Commentary from law firms and third‑party‑risk specialists also indicates that this evolving guidance is changing how banks structure vendor relationships. These sources, including the FDIC’s discussion accompanying the interagency guidance, describe institutions revisiting contracts to secure audit rights for AI systems, constrain downstream data use and obtain detailed documentation on how models are trained, updated and governed, while also pointing to the relevance of that guidance for any AI‑enabled outsourcing.
What Bank Boards and Executives Need to Know About AI Regulation
As Bank Director and other governance‑focused outlets have stressed, AI strategy and regulatory strategy are now inseparable at the board level. Best‑practice advice urges directors to put AI on regular agendas, clarify which committees own oversight, and ensure that governance frameworks for AI address data quality, compliance, operational resilience and reputational risk. Industry reporting on AI‑governance best practices suggests that firms that invest early in enterprise‑level AI governance—spanning inventory, documentation, monitoring and escalation—are better positioned to scale high‑value use cases.

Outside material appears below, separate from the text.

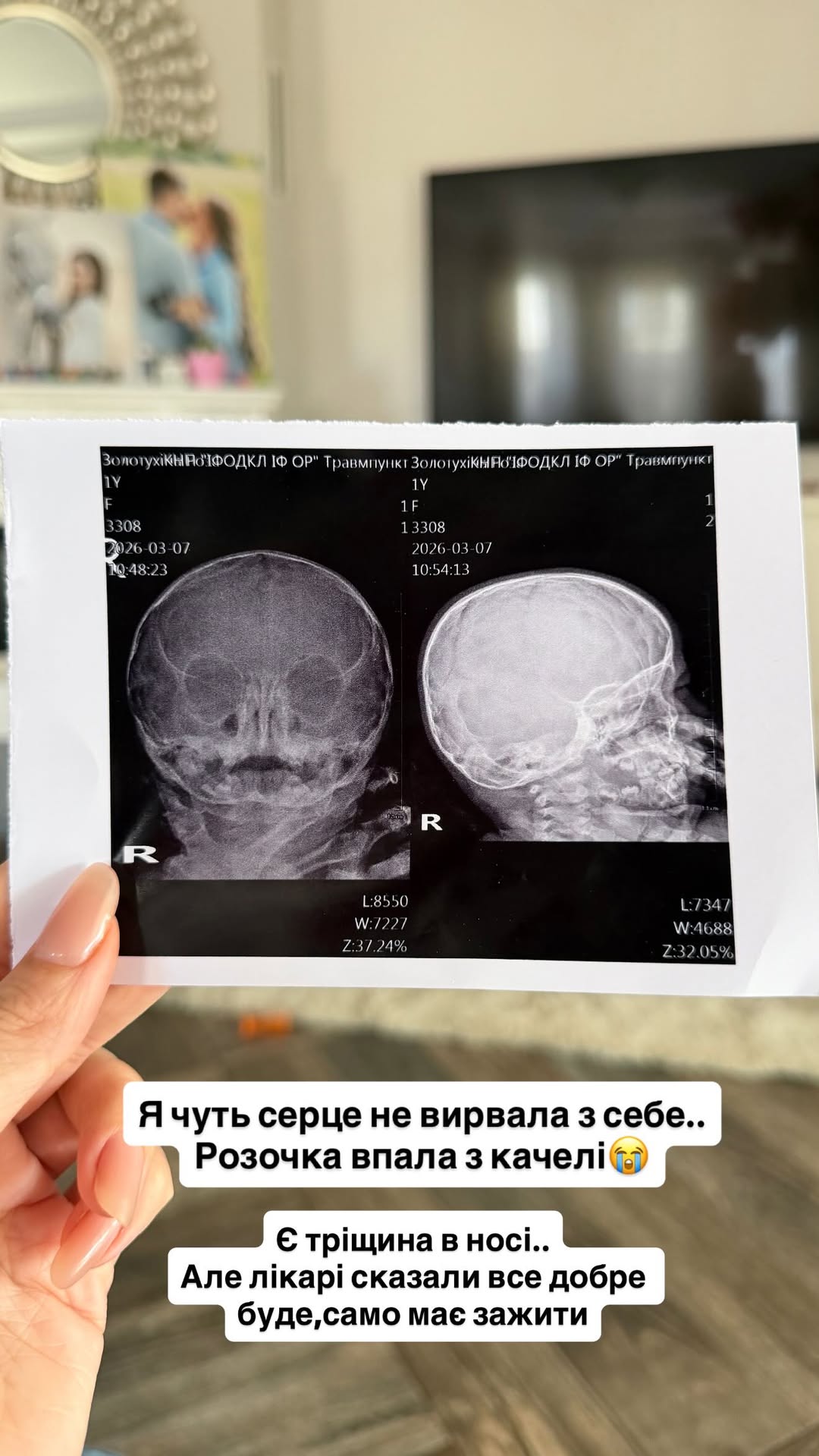 "Я ледь серце не вирвала": однорічна донька блогерки Верби серйозно травмувалася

Travillian Group’s coverage of technology and innovation in banking reinforces this leadership angle. Articles such as “Can AI Fix Banking Compliance? Founder Kalyani Thinks So” and “How AI Is Reshaping Financial Product Discovery: A Follow‑Up with Fintel Connect” underscore that emerging leaders will need AI literacy that extends well beyond technical build skills. These pieces highlight growing demand for roles that bridge AI and governance, such as AI‑governance and ethics specialists or model‑risk leaders who can connect data science, compliance and supervisory expectations across community and regional banks.
Taken together, this mix of regulatory guidance, industry reporting and expert commentary points to a common conclusion: in the current environment, the most valuable AI for banks is often not the most complex, but the most defensible. Well‑documented, explainable systems that fit cleanly within existing risk frameworks — and that executives can confidently discuss with examiners, customers and boards — are the ones most likely to move beyond pilots and create durable advantage.